Abandoning Copyrights, Aaron Perzanowski & Dave Fagundes:
Unilateral transfer of rights. W/personal property you think about transfer to
unknown but discrete third party, but in © abandoned rights are not up for
grabs by some new claimant, but rather in the public domain. We expect abandonment
when subjective assessment of costs of maintaining and storage outweigh the
benefits of continued possession. That calculus shifts with © b/c w/o
formalities and renewal requirements there are no meaningful costs w/a massive
trove of low value © works. Unlike your
old couch/unworn shoes, a PD work has a potentially infinite number of users
and uses—archival efforts, machine learning, general accessibility and enjoyment—so
potential value to public is potentially much higher even as incentives to
abandon are essentially nonexistent. There are altruistic/reputation based attempts
to abandoned. But there is not a lot of clarity about how abandonment is accomplished/works.
320 cases meaningfully discuss abandonment; we’ve read 25%
so far. They stretch back to mid-1850s and the issue comes up more often than
you may have thought. Lack of clarity about terminology: courts tend to
conflate abandonment (unilateral and intentional decision to relinquish) with
forfeiture (failure to comply w/formality): both get referred to as dedications
to the public domain; implied license and waiver and estoppel all get drawn in
as well. Lack of clarity is in part b/c in the old notice regime forfeiture and
abandonment were pretty similar, but more recent cases call out abandonment as
its own thing, with a test drawn from personal property: they say abandonment
requires an intent to surrender all or some rights in a work; need some overt
act that evidences that intent. Some cases allow partial abandonment.
To encourage: clarified law; simple, centralized process for
filing a notice of abandonment. Tax treatment could also matter. Some TM cases
talk about potential tax benefits of abandoning a mark. (Nonprofit donation: For works you created yourself,
you can deduct cost of creation; for works you acquire from others, you can
deduct market value.)
Q: moral rights?
A: Hasn’t yet come up for us, but intersects w/questions
around termination. Can you abandon at or around time of termination? If there’s a tax benefit to the institutional
© holder, that could be a risk to the potential terminating author/heir.
Lemley: We treat abandonment in very odd ways in TM, which
can help get at the Q of whether what we want is for someone else to grab the
rights or for no one to do so.
A: There’s a fair Q whether we want to call it abandonment
at all given the public domain aspect.
Q: why not give more attention to laches, estoppel, negligently
failing to take care of the work?
A: courts aren’t always clear and so one of our aims is to
create a taxonomy.
Rosenblatt: one challenge is that abandonment is an
affirmative defense, so we won’t see it unless there’s a fight; there may be
abandonment everywhere we don’t see. Are you more concerned w/dedication to the
public domain? Analogy to what patentees
can do as a way around real/personal property issues and implied license issues?
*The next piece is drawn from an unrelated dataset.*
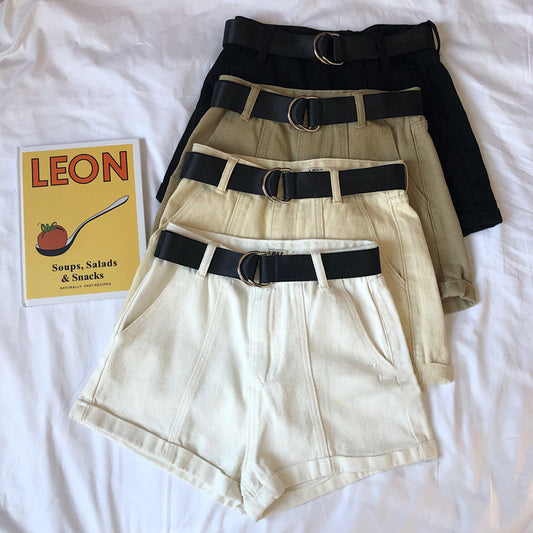 Loose curled retro wide-leg pants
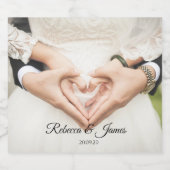 Elegantes Foto Skript Hochzeit Sparkling Weinetike Schaumweinetikett (Einzelnes Label)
A: difficulty is that it’s unclear whether there is a
mechanism for dedicating to the public domain as there is in patent (but maybe
there should be).
Uniform Jury Instructions in Copyright Law, Zahr Said
© is jury unfriendly but jury reliant, which creates
policy-relevant risks of error, affecting not just any given case but the scope
of ©. Instructions are low-hanging fruit b/c they’re so bad right now.
Distributional concerns: in the cases, often one party proposes a lot of jury
instructions and the other doesn’t.
Moral divergence b/t anticopying ethos and © law. Linguistic
divergence: fair, similar, author, derivative, building, owner—they don’t
actually have the meaning that the jury may think. Deep indeterminacy, which may be where a
gap-filling jury is needed, but that layers on to the other problems; often
there’s an ontological indeterminacy where it’s not even clear what the “work”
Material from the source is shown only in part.